Yousef Ahmed M, Hunter Eric J
Department of Communication Sciences and Disorders, University of Iowa, Iowa City, IA 52242, USA.
Bioengineering (Basel). 2024 Dec 11;11(12):1253. doi: 10.3390/bioengineering11121253.
Room reverberation can affect oral/aural communication and is especially critical in computer analysis of voice. High levels of reverberation can distort voice recordings, impacting the accuracy of quantifying voice production quality and vocal health evaluations. This study quantifies the impact of additive simulated reverberation on otherwise clean voice recordings as reflected in voice metrics commonly used for voice quality evaluation. From a larger database of voice recordings collected in a low-noise, low-reverberation environment, voice samples of a sustained [a:] vowel produced at two different speaker intents (comfortable and clear) by five healthy voice college-age female native English speakers were used. Using the reverb effect in Audacity, eight reverberation situations indicating a range of reverberation times (T20 between 0.004 and 1.82 s) were simulated and convolved with the original recordings. All voice samples, both original and reverberation-affected, were analyzed using freely available PRAAT software (version 6.0.13) to calculate five common voice parameters: jitter, shimmer, harmonic-to-noise ratio (HNR), alpha ratio, and smoothed cepstral peak prominence (CPPs). Statistical analyses assessed the sensitivity and variations in voice metrics to a range of simulated room reverberation conditions. Results showed that jitter, HNR, and alpha ratio were stable at simulated reverberation times below T20 of 1 s, with HNR and jitter more stable in the clear vocal style. Shimmer was highly sensitive even at T20 of 0.53 s, which would reflect a common room, while CPPs remained stable across all simulated reverberation conditions. Understanding the sensitivity and stability of these voice metrics to a range of room acoustics effects allows for targeted use of certain metrics even in less controlled environments, enabling selective application of stable measures like CPPs and cautious interpretation of shimmer, ensuring more reliable and accurate voice assessments.
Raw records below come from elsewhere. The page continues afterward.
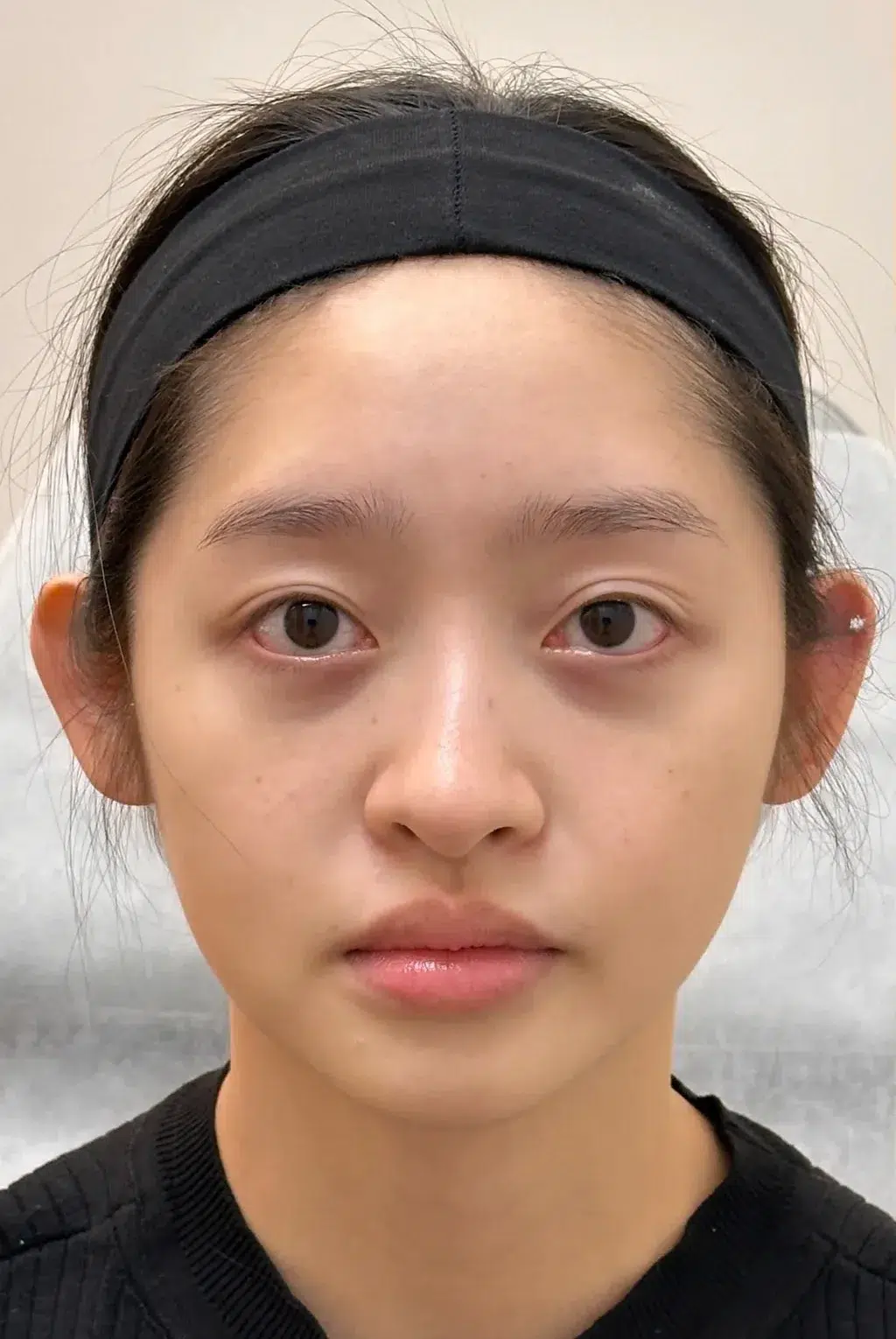 Under-Eye Bags & Dark Circles, Before · Case 25 · Luowei Medical Aesthetics Clinic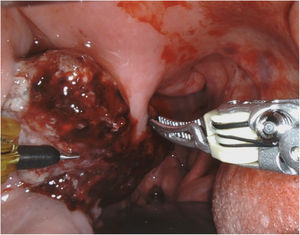 Friable exophytic mass at the right palatine tonsil with irregular borders and about 3 cm in diameter.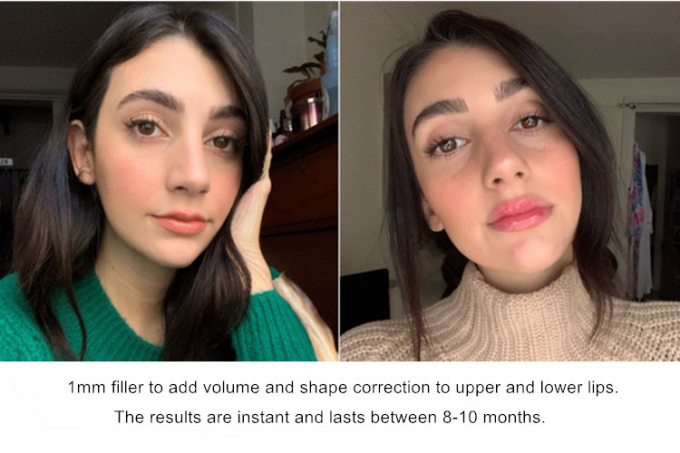 hyaluronic acid fillers lip fillers hyaluronic acid injections for pen and micro-needle treatment 3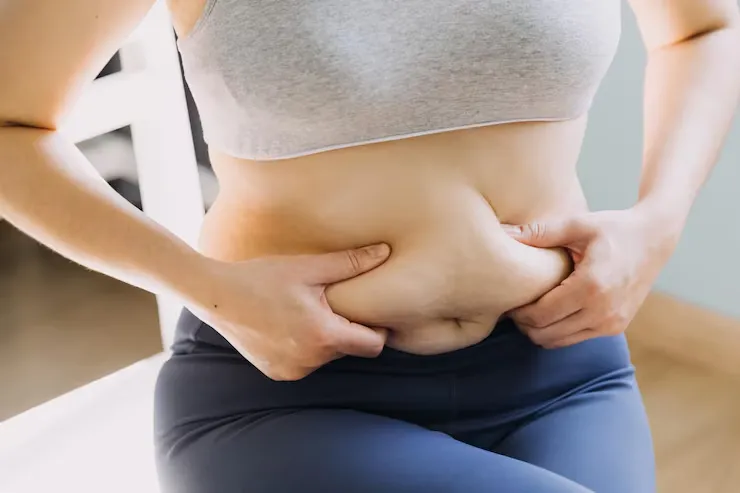 How to Get Rid of Stubborn Fat Without Surgery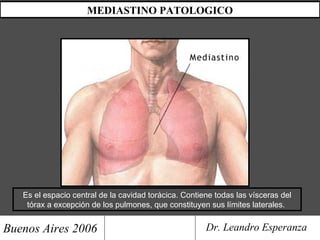 MEDIASTINO PATOLOGICO
Buenos Aires 2006 Dr. Leandro Esperanza
Es el espacio central de la cavidad torácica. Contiene todas las vísceras del
tórax a excepción de los pulmones, que constituyen sus límites laterales.
 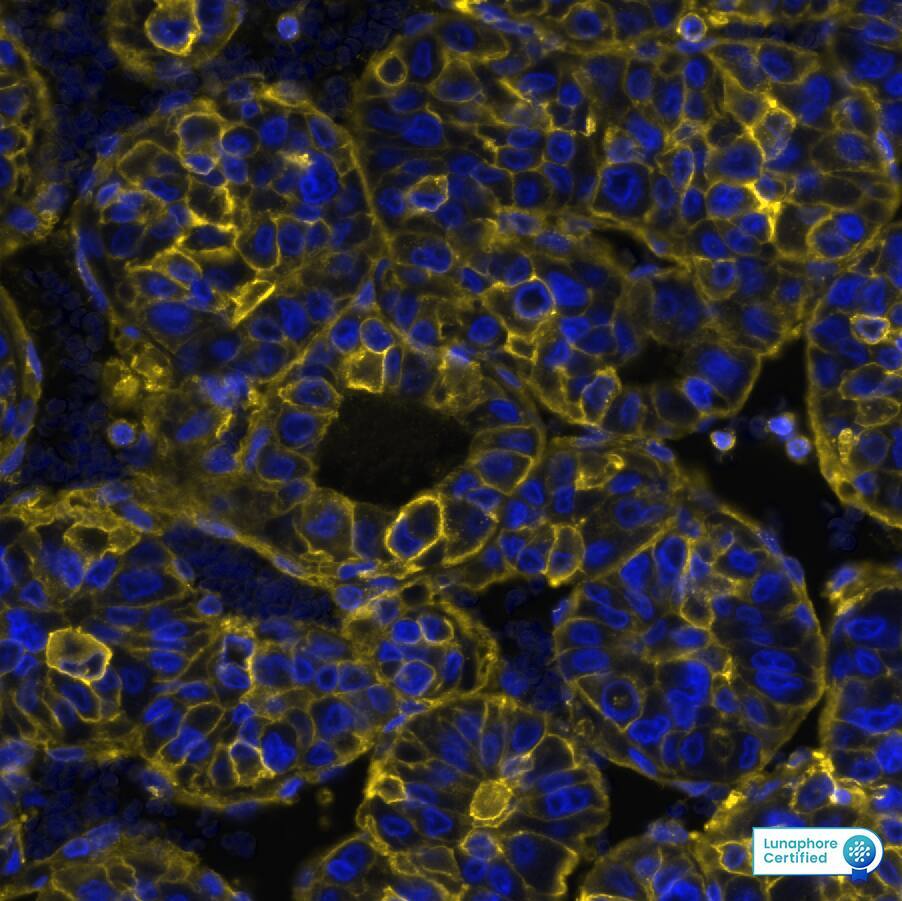 HLA ABC was detected in immersion fixed paraffin-embedded sections of human Liver Tumor using Rabbit Anti-Human HLA ABC, Monoclonal Antibody at 0.15ug/mL at 37°Celsius for 4 minutes. Before incubation with the primary antibody, tissue underwent an all-in-one dewaxing and antigen retrieval preprocessing using PreTreatment Module (PT Module) and Dewax and HIER Buffer H (pH 9; Epredia Catalog # TA-999-DHBH). Tissue was stained using the Alexa Fluor™ Plus 555 Goat anti-Rabbit IgG Secondary Antibody at 1:100 at 37°Celsius for 2 minutes. (Yellow; Lunaphore Catalog # DR555RB) and counterstained with DAPI (blue; Lunaphore Catalog # DR100). Specific staining was localized to the membrane. Protocol available in COMET™ Panel Builder.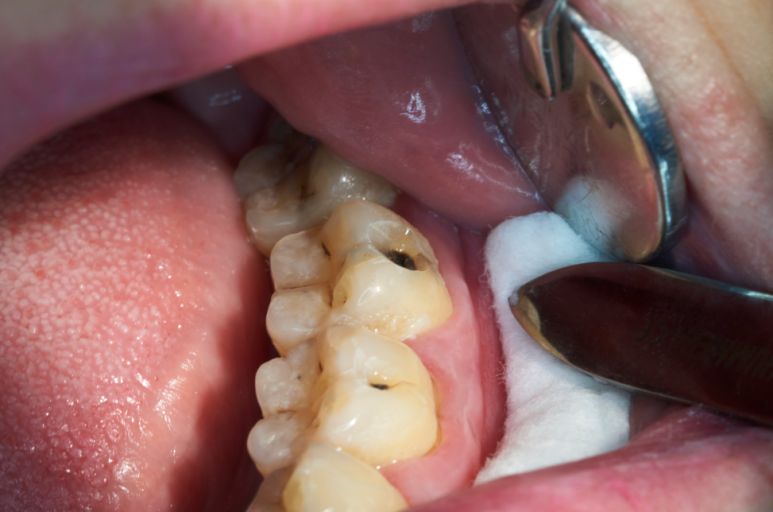 Can a Molar Cavity Be Treated with an Inlay, or Does It Need a Crown? — How Chewing Forces Determine the Choice image 4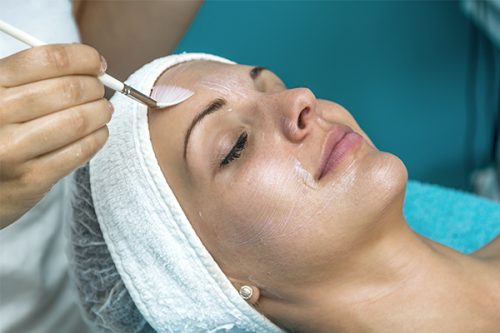 What are the advantages of a chemical peel?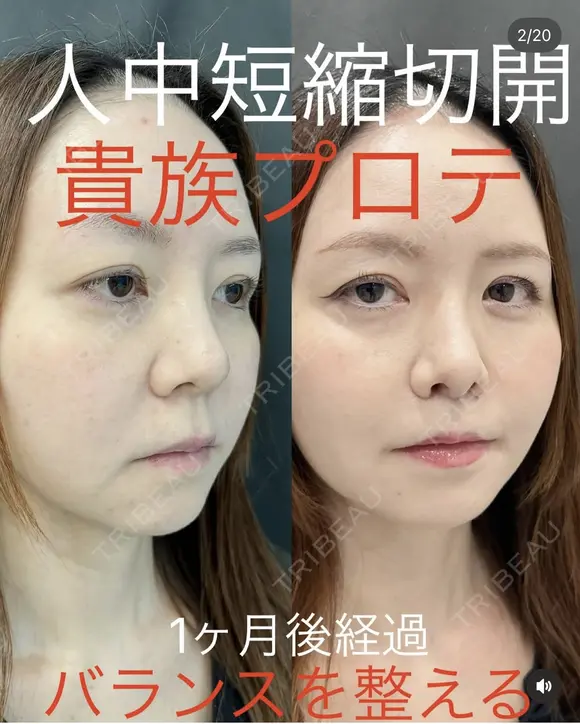 人中短縮＋貴族手術 before画像 メイン用
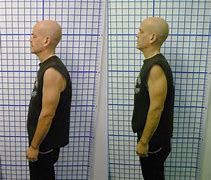 Image result for Chiropractor Back Before and After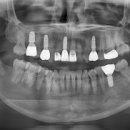신세계치과기공소 이미지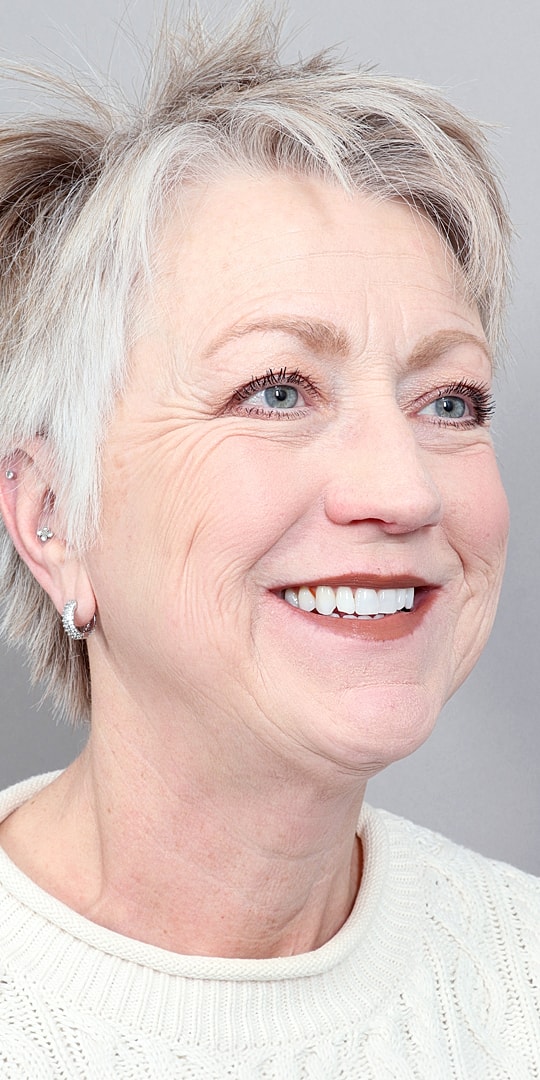 Facelift Before & After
房间混响会影响口头/听觉交流,在语音的计算机分析中尤为关键。高水平的混响会使语音录音失真,影响量化语音产生质量和嗓音健康评估的准确性。本研究量化了加性模拟混响对原本清晰的语音录音的影响,这在常用于语音质量评估的语音指标中有所体现。从在低噪声、低混响环境中收集的更大语音录音数据库中,选取了五名以英语为母语、处于大学年龄的健康女性说话者在两种不同说话意图(舒适和清晰)下发出的持续[a:]元音的语音样本。利用Audacity中的混响效果,模拟了八种表示不同混响时间范围(T20在0.004秒至1.82秒之间)的混响情况,并将其与原始录音进行卷积。使用免费的PRAAT软件(版本6.0.13)对所有语音样本(原始样本和受混响影响的样本)进行分析,以计算五个常见的语音参数:抖动、闪烁、谐波噪声比(HNR)、阿尔法比率和平滑的谐波峰值突出度(CPPs)。统计分析评估了语音指标对一系列模拟房间混响条件的敏感性和变化情况。结果表明,在模拟混响时间低于T20为1秒时,抖动、HNR和阿尔法比率较为稳定,在清晰的发声风格中HNR和抖动更稳定。即使在T20为0.53秒(这反映的是常见房间)时,闪烁也高度敏感,而CPPs在所有模拟混响条件下都保持稳定。了解这些语音指标对一系列房间声学效果的敏感性和稳定性,即使在控制较差的环境中也能有针对性地使用某些指标,从而能够选择性地应用像CPPs这样稳定的测量方法,并谨慎解读闪烁情况,确保进行更可靠、准确的语音评估。